The @Lovelace1842 citation key isn't parsed and appears in the table:

image

Quarto has the ability to treat specific text as Markdown, though, if you wrap it in an element with a data-qmd attribute set. A td element containing this should render as an actual citation:

<td> <span data-qmd="@Lovelace1842"></span> </td>

This is an issue with all table-making packages (see here for a discussion about it at Quarto quarto-dev/quarto-cli#3340). {gt} has it fixed and there's an open issue at {knitr} for it, with more details too: yihui/knitr#2289


I don't know the best way to handle this with {tinytable} though. format_tt(..., markdown = TRUE) uses the {markdown} package to convert to HTML rather than Quarto, and that's great.


One additional complication is that this also doesn't work in LaTeX, and neither does {gt}, but knitr::kable() does somehow (see quarto-dev/quarto-cli#3340 (comment)).

@vincentarelbundock

This comment was marked as outdated.

@vincentarelbundock

This comment was marked as outdated.

@vincentarelbundock
Copy link
Owner

OK, I figured this out.

Proof of concept with bad user interface:

https://vincentarelbundock.github.io/tinytable/vignettes/tinytable.html#quarto-data-processing

Background on two issues:

  1. Quarto normally does a ton of pre-processing on all tables. By default, tinytable disables that pre-processing, because it breaks a bunch of features.
  2. Even when the pre-processing gets done, Quarto still requires users to specifically mark a cell with the special span: <span data-qmd="@Lovelace1842"></span>

On Github, I added a new global option to re-enable Quarto pre-processing. I also added an example to the vignette with a reference.

The user experience is terrible, but it works.

I'm not sure how to make the experience better.
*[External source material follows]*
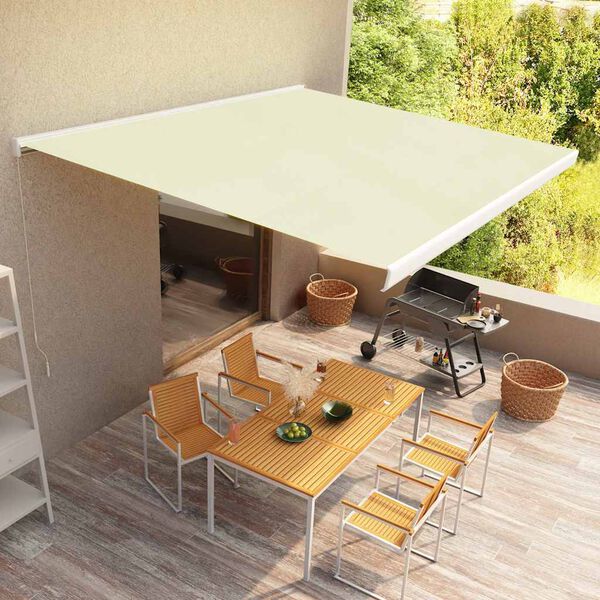 vidaXL Luifel handmatig 400x300 cm cr&egrave;me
We can't enable pre-processing all the time, because there are tons of conflicts with nice features and styles.

What does <span data-qmd> do, exactly? Will this always interpret markdown?

Should we insert that span automatically when the global option is set and a user calls format_tt(markdown = TRUE)? Is this span a complete substitute to the markdown package?

@andrewheiss
Copy link
Author

Oh cool, yeah, this is roughly what {gt} does too. You have to disable quarto processing in an option—see quarto.disable_processing here:

library(gt)
k <- data.frame(Thing = "x^2^", Citation = "@Lovelace1842")

k |>
  gt() |>
  tab_options(
    quarto.disable_processing = TRUE
  )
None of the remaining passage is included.